## Dataset items

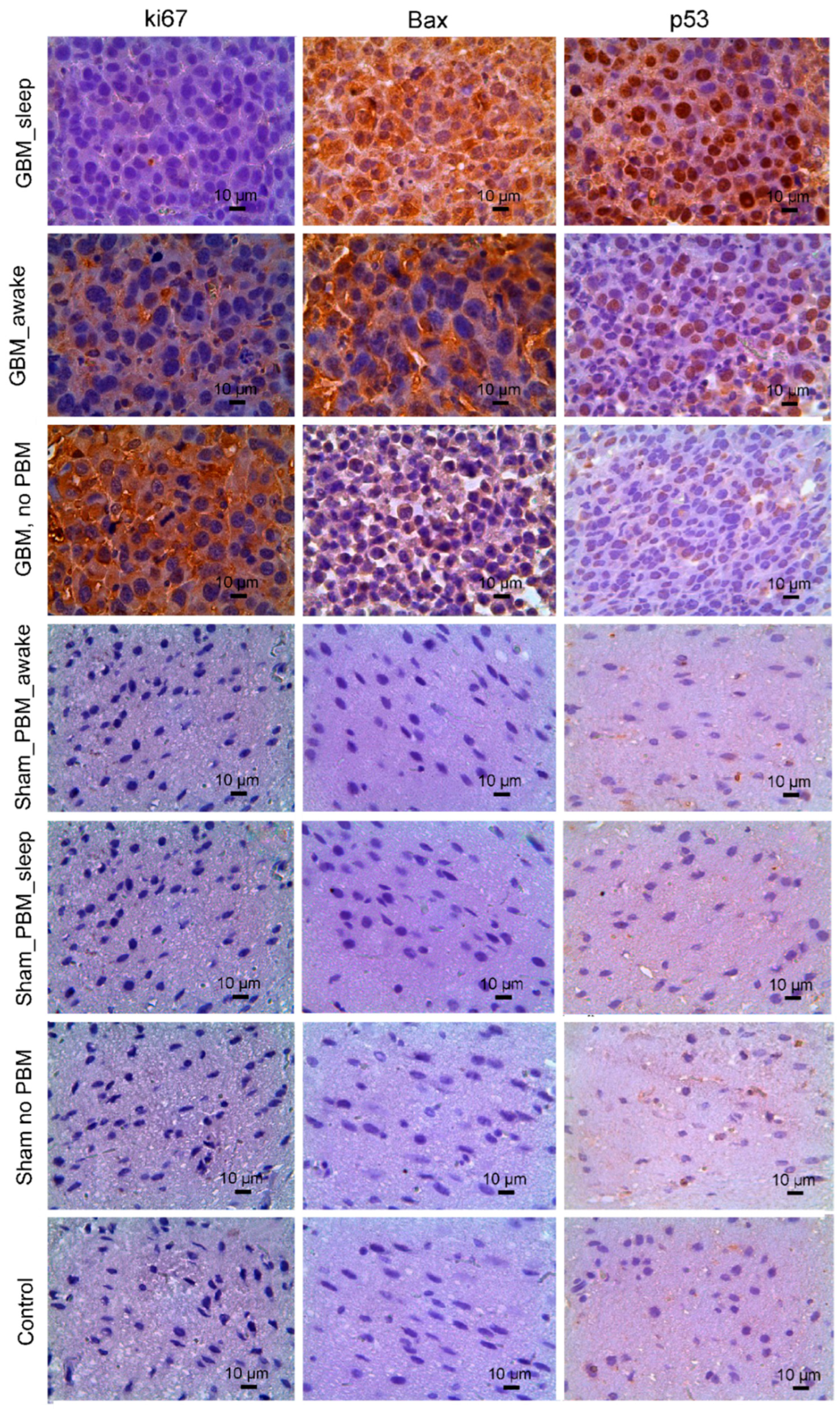Biomedicines 12 00262 g002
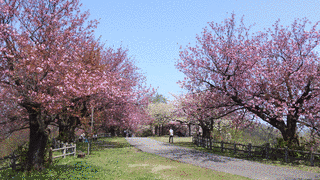 城山の画像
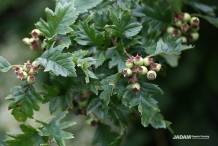 Immature-fruits-of-Chinese-hawthorn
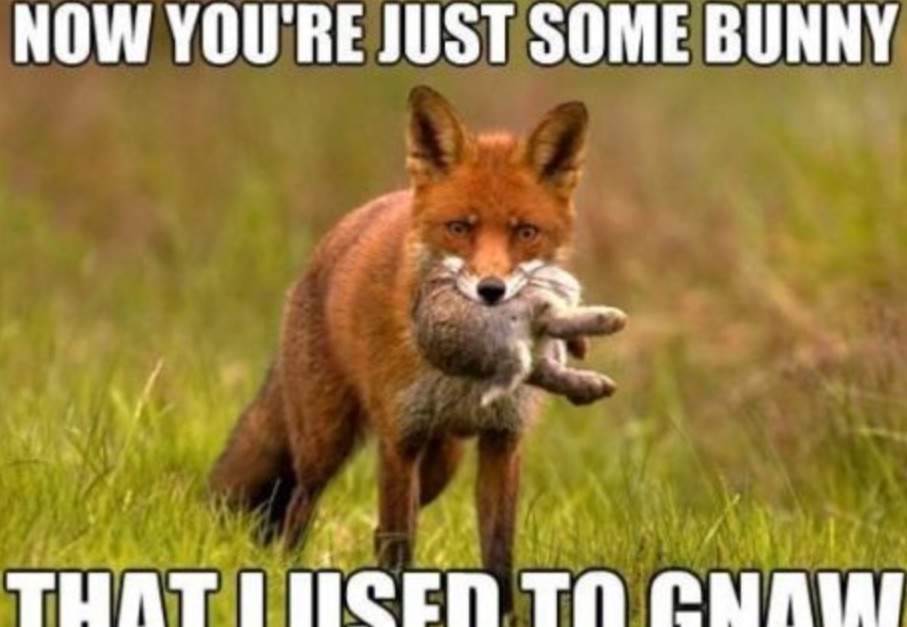 Fox Meme Funny Image Photo Joke 07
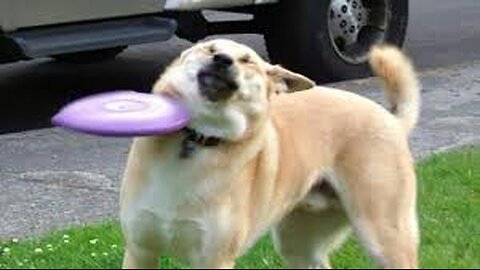 Funny Dog Videos Creative Commons |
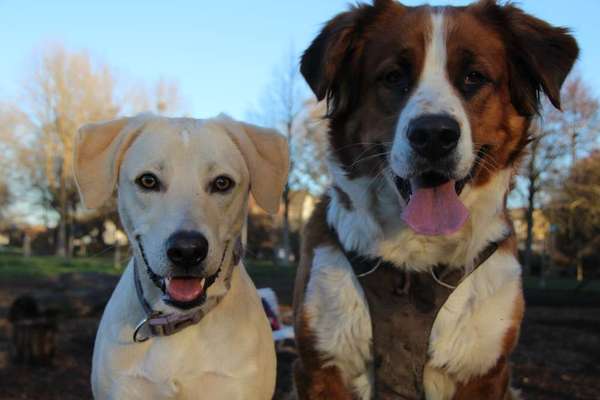 Foto's und Hundemodels-Beitrag-Bild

## TASK PROMPT
The copy should start at the line that contains "Fox Meme Funny Image Photo Joke 07", end at the last line of the entries above, and match each line exactly, with pictures dropped.

## SOLUTION
 Fox Meme Funny Image Photo Joke 07
 Funny Dog Videos Creative Commons |
 Foto's und Hundemodels-Beitrag-Bild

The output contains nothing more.